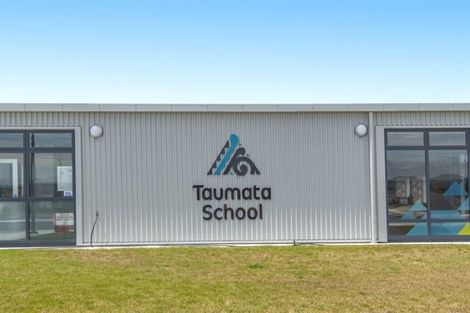 Photo of property in 9 Bradley Avenue, Pyes Pa, Tauranga, 3112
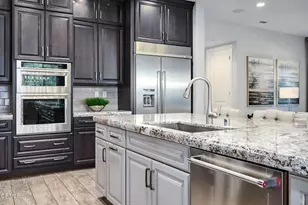 8300 Mariposa Ct, Los Angeles, CA 91304 - Photo 17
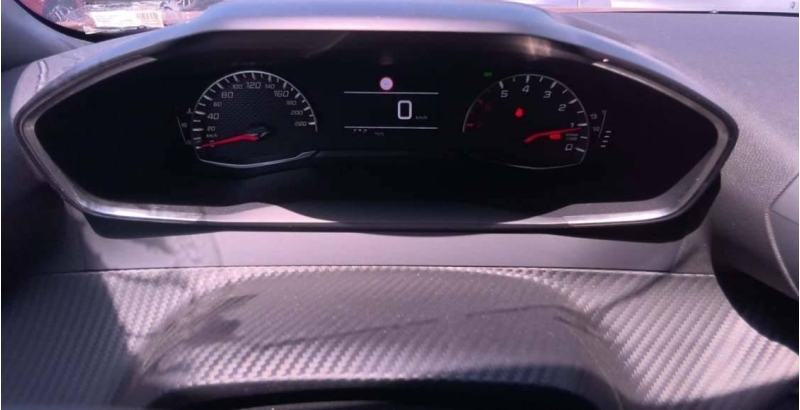 Peugeot 2008 PureTech 100 S&S BVM6 Allure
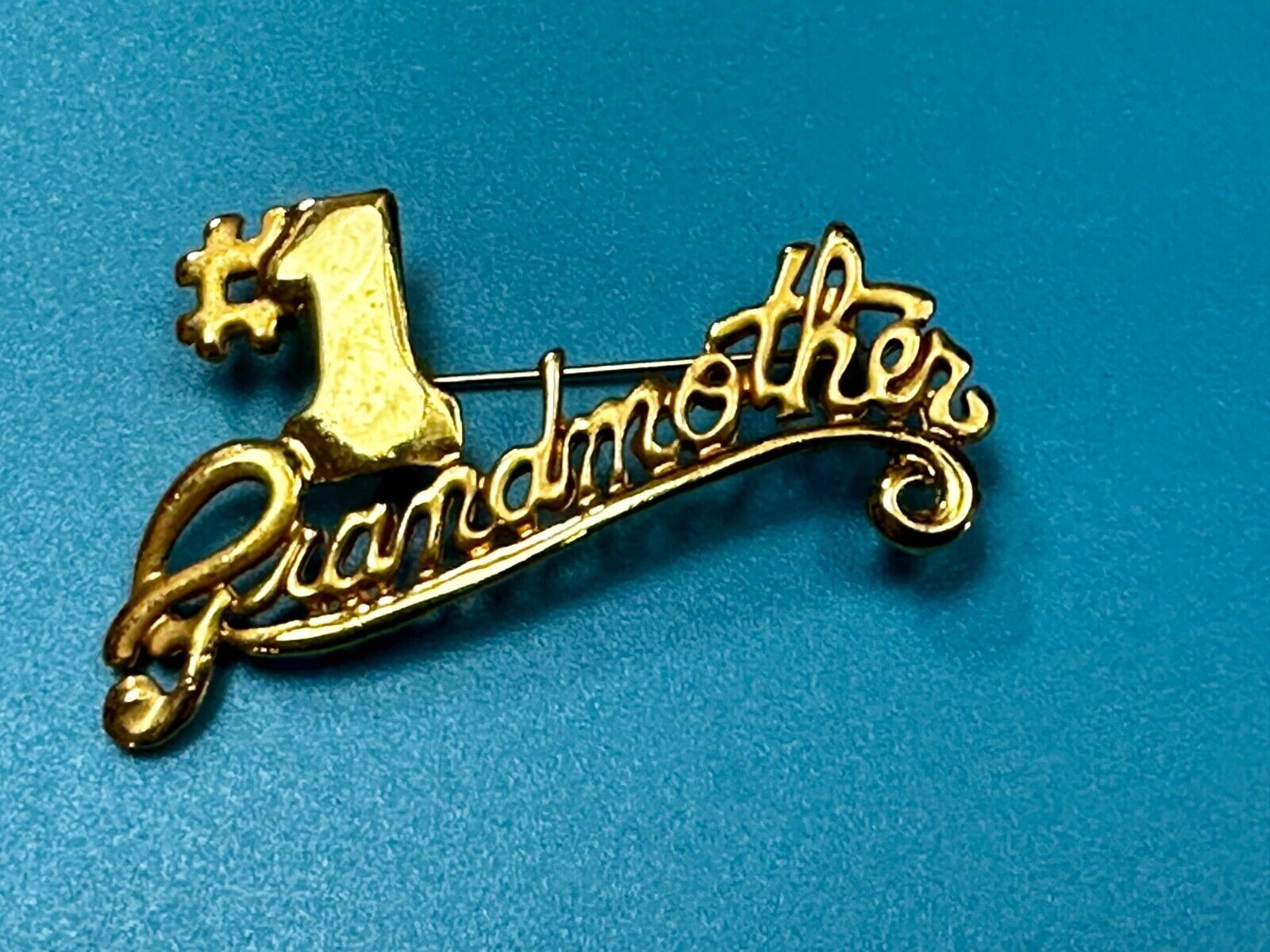 #1 Number One Grandmother Love Gift Gold Tone Vintage Brooch Pin
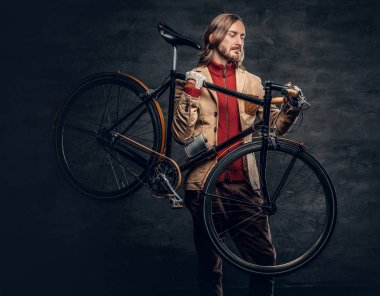 Adam Bisiklet omzunda tutar.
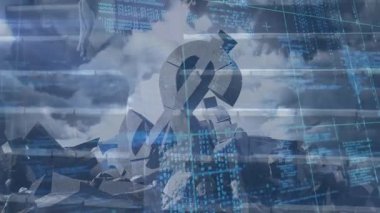 Bulutlu gökyüzü arka planına karşı soyut heykel üzerine dijital kod örtülmüş. Modern, tasarım, sanat, teknoloji, açık hava, fütürist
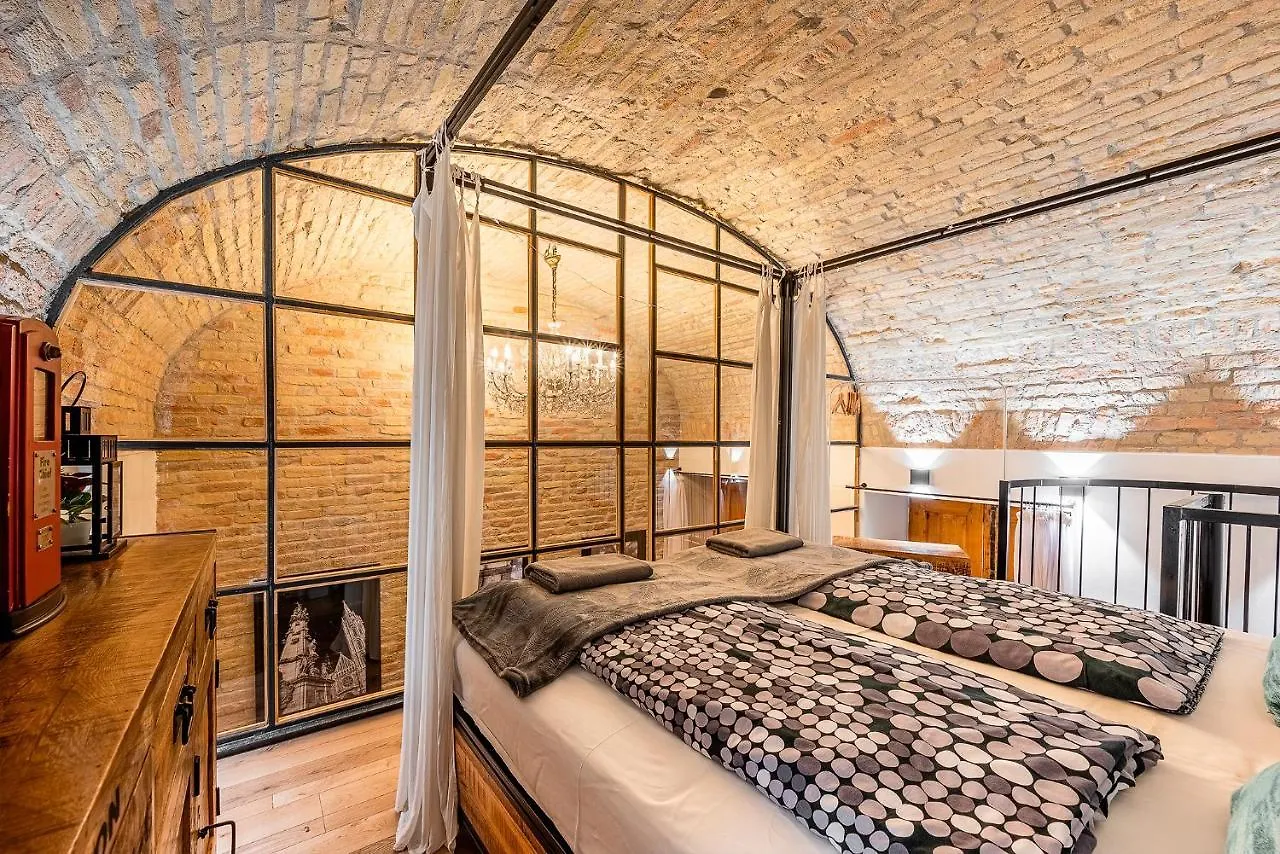 Liszt Designer 2Bedroom Center Apartment Budapest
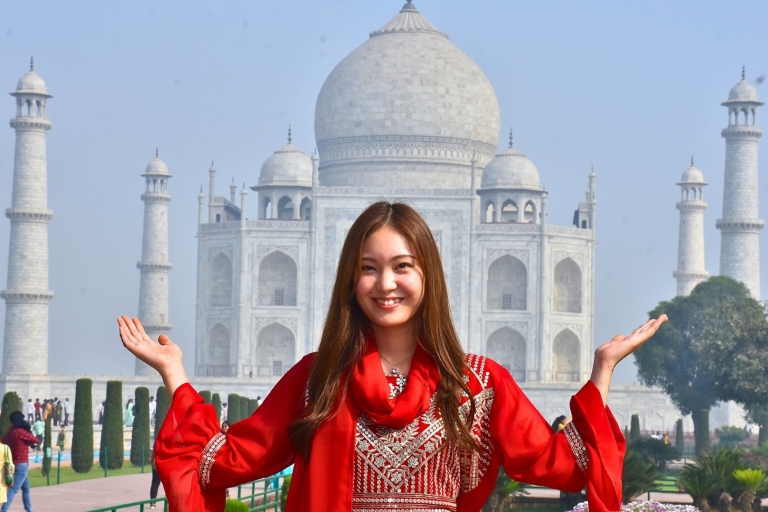 Von Delhi: Taj Mahal & Agra Tour bei Sonnenuntergang mit dem AutoVon Delhi - Auto mit Fahrer, Reiseführer, Eintritt und Mittagessen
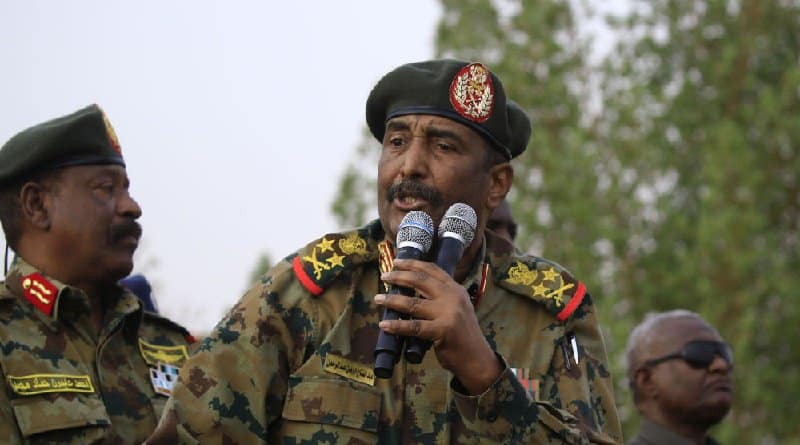 O governo do Sudão pede à Somália que bloqueie armas e mercenários ligados aos Emirados via Puntland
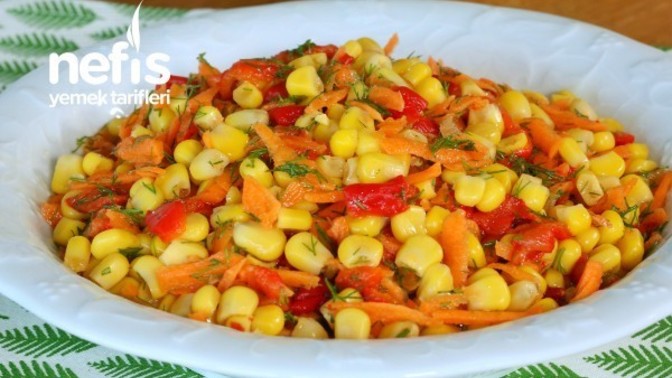 Salata Olmadan Yemek olur mu salatasız yemek neye benzer sizce?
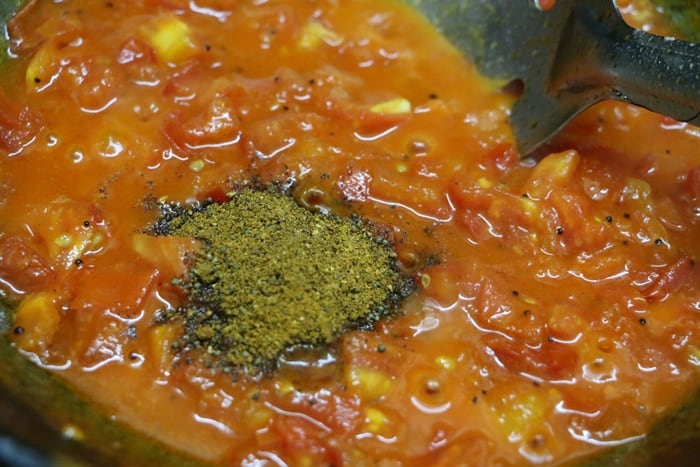 roasted spice powders added to cooked tomatoes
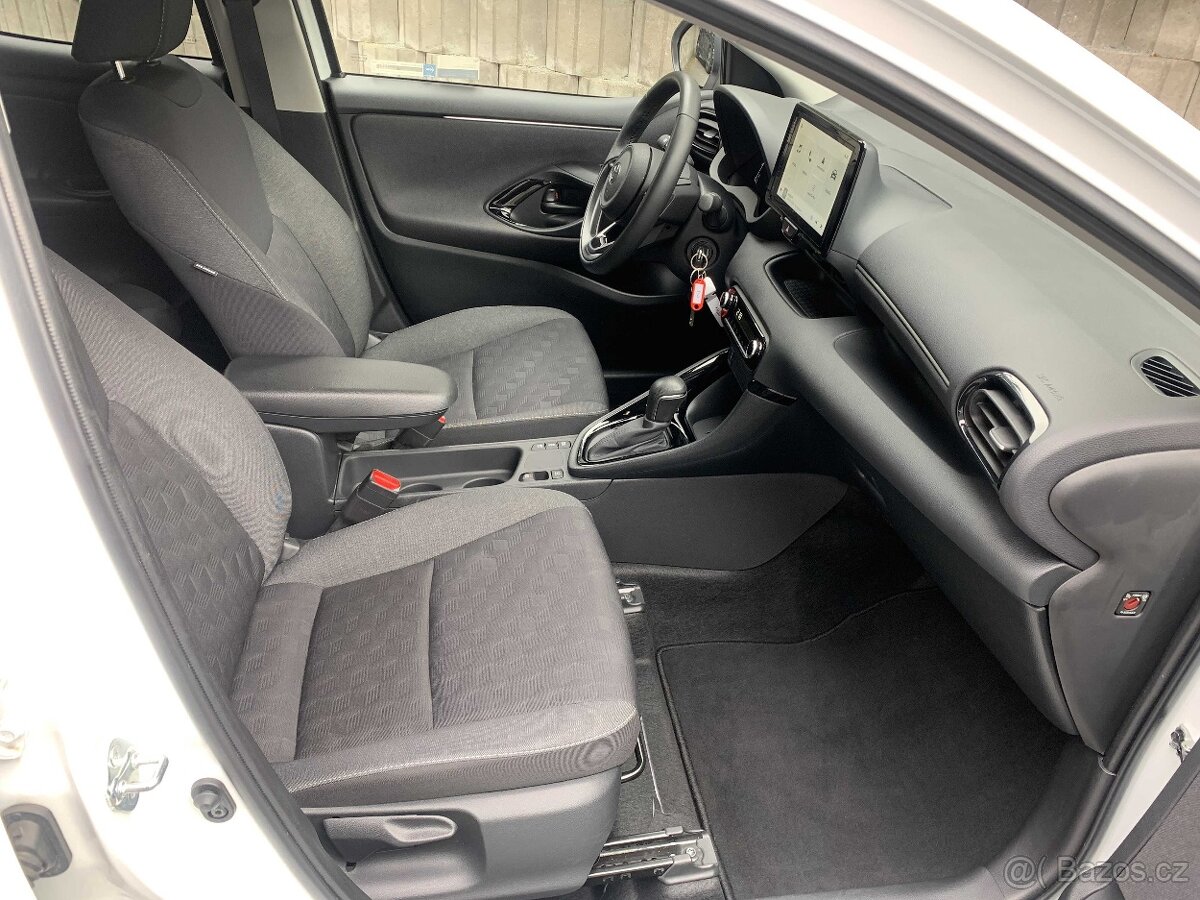 Toyota Yaris 1.5 HYBRID 96 kW 1.MAJITEL r.v. 2024 DPH - 5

+===+

Work order: Your output should consist solely of the lines from the line containing "Salata Olmadan Yemek" through the last line of the entries, verbatim, minus any pictures.

Output for this task:
 Salata Olmadan Yemek olur mu salatasız yemek neye benzer sizce?
 roasted spice powders added to cooked tomatoes
 Toyota Yaris 1.5 HYBRID 96 kW 1.MAJITEL r.v. 2024 DPH - 5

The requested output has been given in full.